La Salpêtrière selon Puryear

L'ŒIL

Le 1 octobre 1999 - 207 mots

Produire une œuvre pour l’espace de la Chapelle de la Salpêtrière est un jeu risqué tant les dimensions et la monumentalité de l’édifice constituent un piège subtil pour toute forme d’art contemporain. Martin Puryear a donc choisi de composer avec la verticalité de la coupole, ce puits central de lumière. La sculpture monumentale qu’il a réalisée à cet effet mesure près de 30 m de hauteur et s’intercale parfaitement dans cette architectonique puissante. Formé aux techniques d’ébénisterie, Martin Puryear s’est fait connaître à la fin des années 60 par une série de sculptures en bois.

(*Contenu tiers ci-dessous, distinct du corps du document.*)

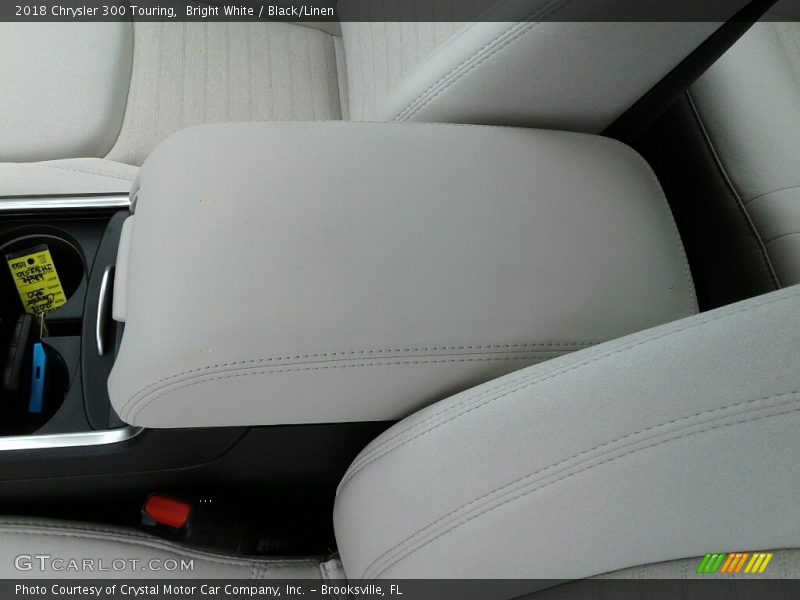 Bright White / Black/Linen 2018 Chrysler 300 Touring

Les observateurs attentifs n’avaient pas manqué de remarquer dans ces formes suspendues une opposition entre la densité de leur présence et ce vide central, omniprésent, qui indiquait un espace en attente d’occupation. Fasciné par les métissages, la fusion entre les cultures, Martin Puryear démontrait alors que chacune de ses pièces pouvait être considérée comme un sanctuaire, un lieu magique à partir duquel le spectateur pouvait retrouver et repenser les grands modèles qui ont forgé sa personnalité. Martin Puryear préfère donc l’anonymat. Il n’est qu’un artisan qui répond à ses propres commandes et propose au public des œuvres à investir avec le corps et l’esprit.

PARIS, Chapelle de la Salpêtrière, jusqu’au 1er novembre.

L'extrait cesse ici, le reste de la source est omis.